This is a very minor problem, so no wonder that nobody noticed or
bothered to fix it yet. I'm just clarifying the status here.

>> should be IRQ_TYPE_EDGE_FALLING.
> 
> It should probably be both IRQ_TYPE_EDGE_FALLING and IRQ_TYPE_EDGE_RISING,

For now I see that the rising edge isn't needed, the TEMP_ALERT goes
HIGH by itself when temperature backs to normal. But I will try to
double check.

> and the interrupt handler should call hwmon_notify_event() instead of
> clogging the kernel log, but that should be done in a separate patch.

Thank you for suggestion, I will take a look.

> Anyway, the tegra30 dts files in the upstream kernel either use
> IRQ_TYPE_LEVEL_LOW or no interrupts for nct1008. The Nexus 7 dts file
> in the upstream kernel has no interrupt configured (and coincidentally
> it was you who added that entry). Where do you see IRQ_TYPE_LEVEL_HIGH ?

I have a patch that will add the interrupt property, it's stashed
locally for the next kernel release.

IIUC, it's not only the Tegra30 dts, but all the TegraXXX boards that
use IRQ_TYPE_LEVEL_LOW are in the same position.

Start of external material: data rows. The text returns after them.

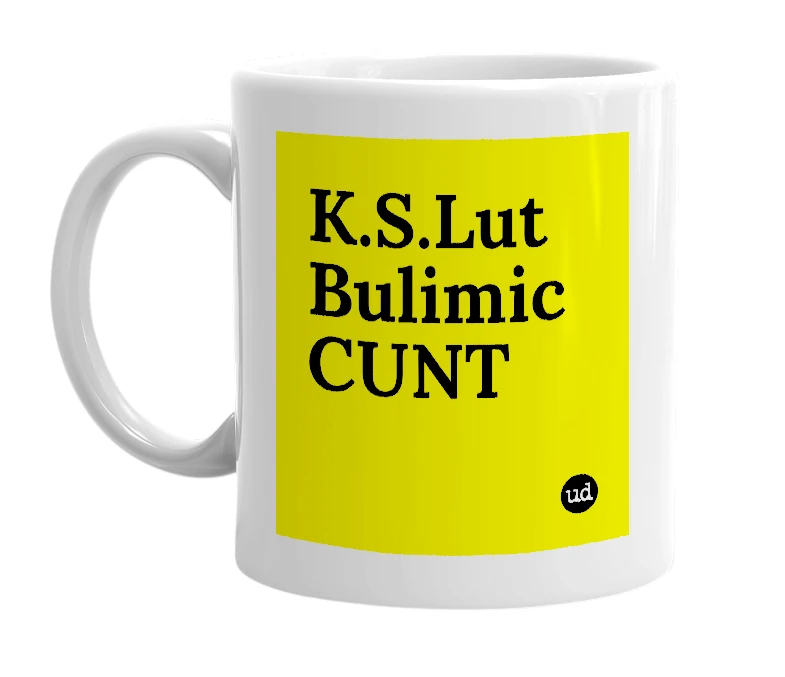White mug with 'K.S.Lut Bulimic CUNT' in bold black letters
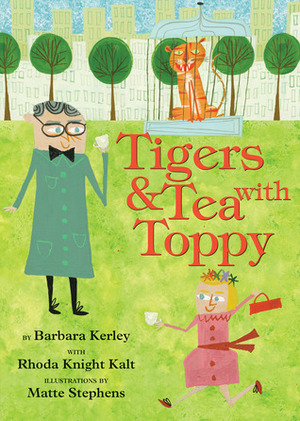 Tigers & Tea With Toppy by Barbara Kerley, Matte Stephens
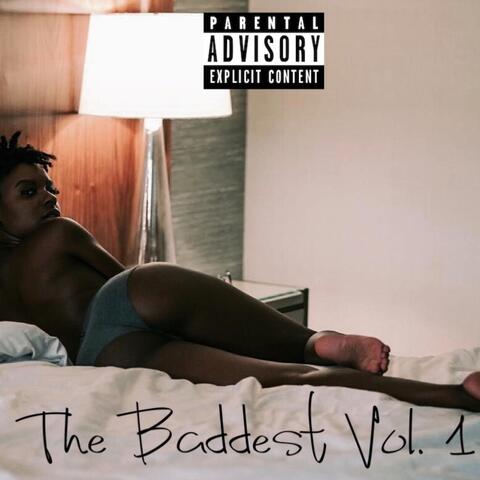 The Baddest, Vol. 1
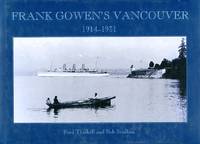 image of Frank Gowen's Vancouver: 1914-1931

>> The IRQF flag in devm_request_threaded_irq() overrides the trigger mask
>> specified in a device-tree. IIUC, the interrupt is used only by OF-based
>> devices, hence I think we could simply remove the IRQF flag from the
>> code and fix the device-trees. Does it sound good to you?
> 
> Yes, that is a better approach.

Thank you for reviewing this patch. I'll prepare v2.
Guenter Roeck June 17, 2021, 3:12 p.m. UTC | #7
On Thu, Jun 17, 2021 at 05:46:33PM +0300, Dmitry Osipenko wrote:
> 17.06.2021 17:13, Guenter Roeck пишет:
> ...
> >> This is a device-tree based system, in particular it's NVIDIA Tegra30
> >> Nexus 7. The interrupt support was originally added to the lm90 driver
> >> by Wei Ni who works at NVIDIA and did it for the Tegra boards. The Tegra
> >> device-trees are specifying the trigger mask and apparently they all are
> >> cargo-culted and wrong because they use IRQ_TYPE_LEVEL_HIGH, while it
> > 
> > Be fair, no one is perfect.
> 
> This is a very minor problem, so no wonder that nobody noticed or
> bothered to fix it yet. I'm just clarifying the status here.
> 
> >> should be IRQ_TYPE_EDGE_FALLING.
> > 
> > It should probably be both IRQ_TYPE_EDGE_FALLING and IRQ_TYPE_EDGE_RISING,
> 
> For now I see that the rising edge isn't needed, the TEMP_ALERT goes
> HIGH by itself when temperature backs to normal. But I will try to
> double check.
> 
The point is that a sysfs event should be sent to userspace on both
edges, not only when an alarm is raised. But, you are correct,
IRQ_TYPE_EDGE_RISING is currently not needed since sysfs events
are not generated.

> > and the interrupt handler should call hwmon_notify_event() instead of
> > clogging the kernel log, but that should be done in a separate patch.
> 
> Thank you for suggestion, I will take a look.
> 
> > Anyway, the tegra30 dts files in the upstream kernel either use
> > IRQ_TYPE_LEVEL_LOW or no interrupts for nct1008. The Nexus 7 dts file
> > in the upstream kernel has no interrupt configured (and coincidentally
> > it was you who added that entry). Where do you see IRQ_TYPE_LEVEL_HIGH ?
> 
> I have a patch that will add the interrupt property, it's stashed
> locally for the next kernel release.
> 
> IIUC, it's not only the Tegra30 dts, but all the TegraXXX boards that
> use IRQ_TYPE_LEVEL_LOW are in the same position.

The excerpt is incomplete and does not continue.